(Beginning of Data to use)

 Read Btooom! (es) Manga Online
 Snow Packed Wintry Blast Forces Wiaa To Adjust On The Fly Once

(End of Data to use)
(Beginning of Data to use)

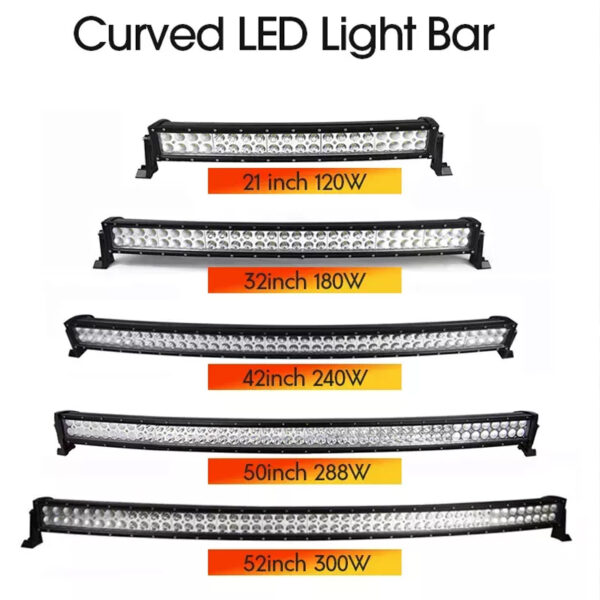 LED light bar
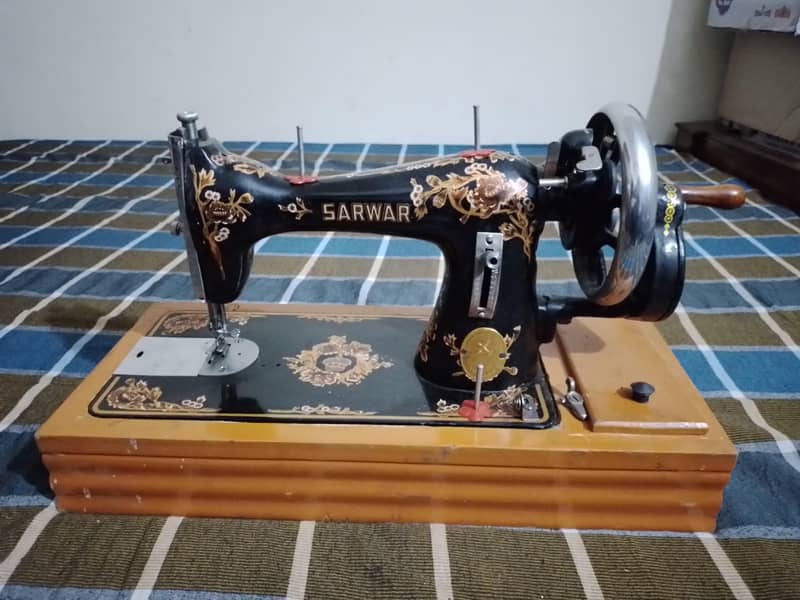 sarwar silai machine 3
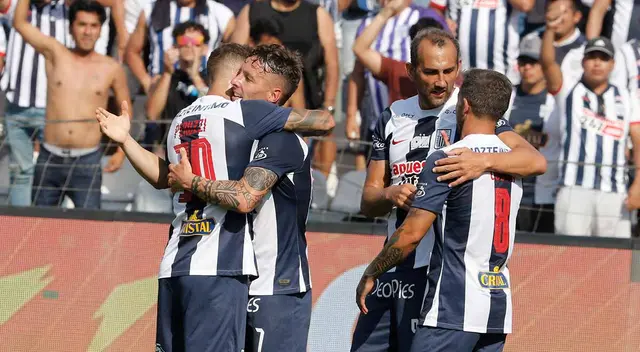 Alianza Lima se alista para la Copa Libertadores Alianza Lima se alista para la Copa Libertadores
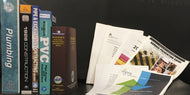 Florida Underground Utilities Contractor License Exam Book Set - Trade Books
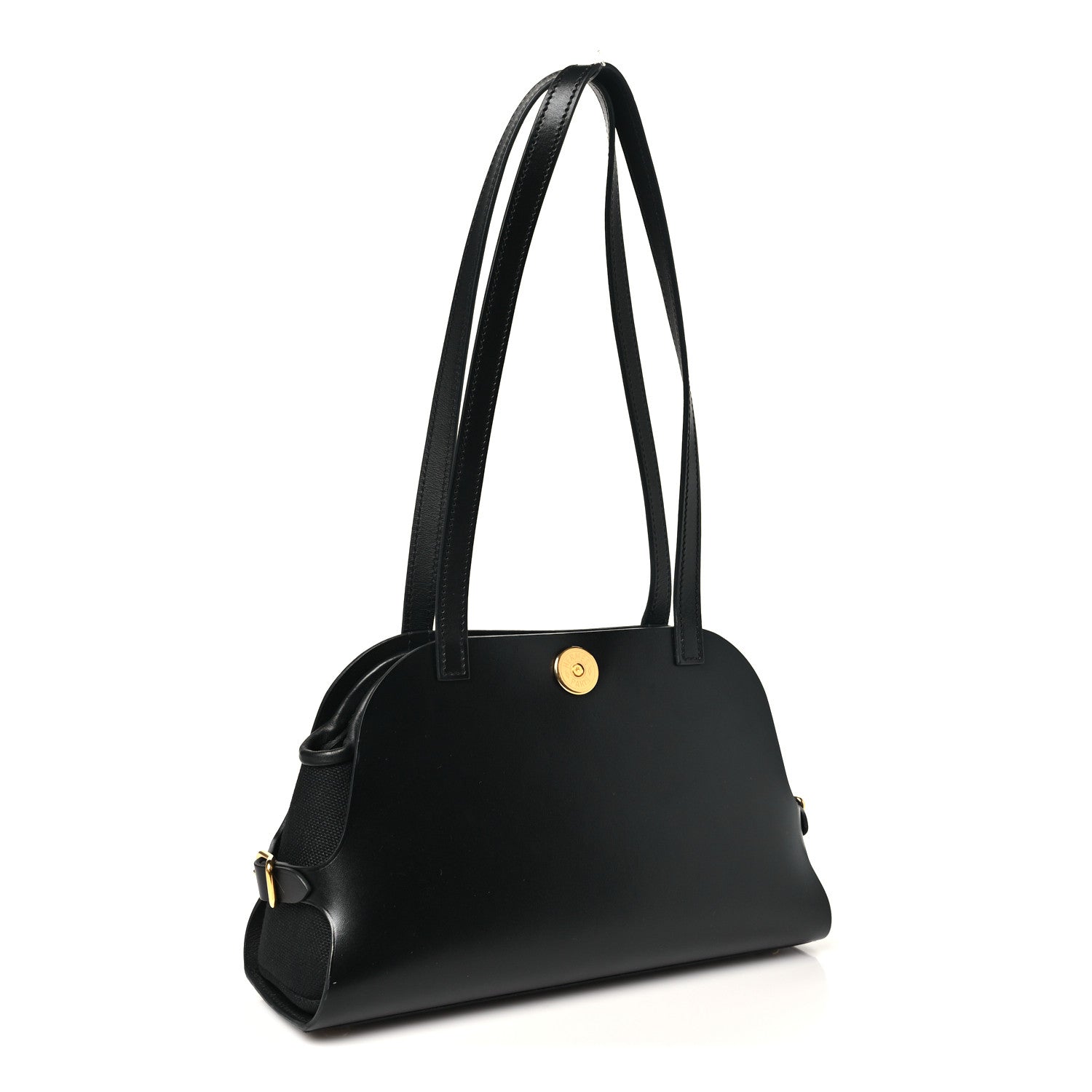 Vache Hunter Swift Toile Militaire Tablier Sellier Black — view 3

(End of Data to use)

Output the lines above exactly, but only those between the line holding "Read Btooom! (es) Manga Online" and the line holding "Snow Packed Wintry", inclusive.

 Read Btooom! (es) Manga Online
 Snow Packed Wintry Blast Forces Wiaa To Adjust On The Fly Once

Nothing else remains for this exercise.